__YOUR GOAL__. Every record shown below is to be output exactly.

>>>

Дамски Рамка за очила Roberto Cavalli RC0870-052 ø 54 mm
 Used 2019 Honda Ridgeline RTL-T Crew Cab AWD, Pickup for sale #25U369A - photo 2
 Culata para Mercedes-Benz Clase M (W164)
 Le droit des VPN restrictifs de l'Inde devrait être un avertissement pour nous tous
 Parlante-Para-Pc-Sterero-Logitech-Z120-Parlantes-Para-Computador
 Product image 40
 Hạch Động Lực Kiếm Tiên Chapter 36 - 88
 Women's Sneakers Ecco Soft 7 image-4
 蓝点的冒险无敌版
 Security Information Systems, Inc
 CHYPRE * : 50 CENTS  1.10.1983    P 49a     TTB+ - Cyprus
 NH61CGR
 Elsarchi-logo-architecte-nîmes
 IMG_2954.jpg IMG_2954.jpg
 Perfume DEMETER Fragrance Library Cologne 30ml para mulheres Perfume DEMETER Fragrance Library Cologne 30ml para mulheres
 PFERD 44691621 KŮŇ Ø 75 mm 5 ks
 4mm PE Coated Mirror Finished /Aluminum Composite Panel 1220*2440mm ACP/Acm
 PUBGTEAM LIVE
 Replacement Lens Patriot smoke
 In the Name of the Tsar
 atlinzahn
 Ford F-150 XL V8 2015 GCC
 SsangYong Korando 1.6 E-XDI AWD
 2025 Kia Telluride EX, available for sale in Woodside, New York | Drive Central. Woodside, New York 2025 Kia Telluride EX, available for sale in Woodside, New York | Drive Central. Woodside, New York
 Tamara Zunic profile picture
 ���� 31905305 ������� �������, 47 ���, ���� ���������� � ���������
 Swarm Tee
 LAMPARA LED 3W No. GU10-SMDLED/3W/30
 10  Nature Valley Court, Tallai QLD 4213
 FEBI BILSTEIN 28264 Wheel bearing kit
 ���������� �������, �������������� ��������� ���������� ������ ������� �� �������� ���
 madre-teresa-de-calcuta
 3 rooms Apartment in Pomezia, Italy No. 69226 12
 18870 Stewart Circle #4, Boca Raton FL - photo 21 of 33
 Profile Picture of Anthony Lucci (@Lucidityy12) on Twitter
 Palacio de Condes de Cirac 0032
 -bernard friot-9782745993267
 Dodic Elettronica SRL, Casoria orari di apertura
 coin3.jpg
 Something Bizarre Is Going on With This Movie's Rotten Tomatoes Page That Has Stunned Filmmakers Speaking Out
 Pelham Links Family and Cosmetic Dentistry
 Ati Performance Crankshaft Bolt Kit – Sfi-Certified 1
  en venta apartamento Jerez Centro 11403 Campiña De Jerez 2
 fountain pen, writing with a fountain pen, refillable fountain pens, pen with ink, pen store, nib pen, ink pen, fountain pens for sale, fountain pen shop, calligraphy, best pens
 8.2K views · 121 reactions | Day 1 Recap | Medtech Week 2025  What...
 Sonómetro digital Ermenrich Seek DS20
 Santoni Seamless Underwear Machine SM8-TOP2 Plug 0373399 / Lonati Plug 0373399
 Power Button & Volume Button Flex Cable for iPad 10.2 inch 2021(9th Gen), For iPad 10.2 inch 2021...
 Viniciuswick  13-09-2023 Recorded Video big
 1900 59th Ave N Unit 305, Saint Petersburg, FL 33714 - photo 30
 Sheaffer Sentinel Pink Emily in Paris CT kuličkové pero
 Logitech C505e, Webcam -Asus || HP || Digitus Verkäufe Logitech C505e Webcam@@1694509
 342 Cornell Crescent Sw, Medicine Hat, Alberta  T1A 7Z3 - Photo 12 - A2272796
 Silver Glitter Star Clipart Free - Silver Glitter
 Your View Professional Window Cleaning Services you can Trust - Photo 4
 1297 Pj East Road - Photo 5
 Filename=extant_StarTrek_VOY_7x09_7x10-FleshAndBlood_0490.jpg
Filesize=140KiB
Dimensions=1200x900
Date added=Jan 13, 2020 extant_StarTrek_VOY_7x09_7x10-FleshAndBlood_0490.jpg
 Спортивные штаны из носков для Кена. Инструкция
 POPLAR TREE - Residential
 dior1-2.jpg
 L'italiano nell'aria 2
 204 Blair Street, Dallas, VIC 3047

<<<

__RESULT OF THE TASK__.
Дамски Рамка за очила Roberto Cavalli RC0870-052 ø 54 mm
 Used 2019 Honda Ridgeline RTL-T Crew Cab AWD, Pickup for sale #25U369A - photo 2
 Culata para Mercedes-Benz Clase M (W164)
 Le droit des VPN restrictifs de l'Inde devrait être un avertissement pour nous tous
 Parlante-Para-Pc-Sterero-Logitech-Z120-Parlantes-Para-Computador
 Product image 40
 Hạch Động Lực Kiếm Tiên Chapter 36 - 88
 Women's Sneakers Ecco Soft 7 image-4
 蓝点的冒险无敌版
 Security Information Systems, Inc
 CHYPRE * : 50 CENTS  1.10.1983    P 49a     TTB+ - Cyprus
 NH61CGR
 Elsarchi-logo-architecte-nîmes
 IMG_2954.jpg IMG_2954.jpg
 Perfume DEMETER Fragrance Library Cologne 30ml para mulheres Perfume DEMETER Fragrance Library Cologne 30ml para mulheres
 PFERD 44691621 KŮŇ Ø 75 mm 5 ks
 4mm PE Coated Mirror Finished /Aluminum Composite Panel 1220*2440mm ACP/Acm
 PUBGTEAM LIVE
 Replacement Lens Patriot smoke
 In the Name of the Tsar
 atlinzahn
 Ford F-150 XL V8 2015 GCC
 SsangYong Korando 1.6 E-XDI AWD
 2025 Kia Telluride EX, available for sale in Woodside, New York | Drive Central. Woodside, New York 2025 Kia Telluride EX, available for sale in Woodside, New York | Drive Central. Woodside, New York
 Tamara Zunic profile picture
 ���� 31905305 ������� �������, 47 ���, ���� ���������� � ���������
 Swarm Tee
 LAMPARA LED 3W No. GU10-SMDLED/3W/30
 10  Nature Valley Court, Tallai QLD 4213
 FEBI BILSTEIN 28264 Wheel bearing kit
 ���������� �������, �������������� ��������� ���������� ������ ������� �� �������� ���
 madre-teresa-de-calcuta
 3 rooms Apartment in Pomezia, Italy No. 69226 12
 18870 Stewart Circle #4, Boca Raton FL - photo 21 of 33
 Profile Picture of Anthony Lucci (@Lucidityy12) on Twitter
 Palacio de Condes de Cirac 0032
 -bernard friot-9782745993267
 Dodic Elettronica SRL, Casoria orari di apertura
 coin3.jpg
 Something Bizarre Is Going on With This Movie's Rotten Tomatoes Page That Has Stunned Filmmakers Speaking Out
 Pelham Links Family and Cosmetic Dentistry
 Ati Performance Crankshaft Bolt Kit – Sfi-Certified 1
  en venta apartamento Jerez Centro 11403 Campiña De Jerez 2
 fountain pen, writing with a fountain pen, refillable fountain pens, pen with ink, pen store, nib pen, ink pen, fountain pens for sale, fountain pen shop, calligraphy, best pens
 8.2K views · 121 reactions | Day 1 Recap | Medtech Week 2025  What...
 Sonómetro digital Ermenrich Seek DS20
 Santoni Seamless Underwear Machine SM8-TOP2 Plug 0373399 / Lonati Plug 0373399
 Power Button & Volume Button Flex Cable for iPad 10.2 inch 2021(9th Gen), For iPad 10.2 inch 2021...
 Viniciuswick  13-09-2023 Recorded Video big
 1900 59th Ave N Unit 305, Saint Petersburg, FL 33714 - photo 30
 Sheaffer Sentinel Pink Emily in Paris CT kuličkové pero
 Logitech C505e, Webcam -Asus || HP || Digitus Verkäufe Logitech C505e Webcam@@1694509
 342 Cornell Crescent Sw, Medicine Hat, Alberta  T1A 7Z3 - Photo 12 - A2272796
 Silver Glitter Star Clipart Free - Silver Glitter
 Your View Professional Window Cleaning Services you can Trust - Photo 4
 1297 Pj East Road - Photo 5
 Filename=extant_StarTrek_VOY_7x09_7x10-FleshAndBlood_0490.jpg
Filesize=140KiB
Dimensions=1200x900
Date added=Jan 13, 2020 extant_StarTrek_VOY_7x09_7x10-FleshAndBlood_0490.jpg
 Спортивные штаны из носков для Кена. Инструкция
 POPLAR TREE - Residential
 dior1-2.jpg
 L'italiano nell'aria 2
 204 Blair Street, Dallas, VIC 3047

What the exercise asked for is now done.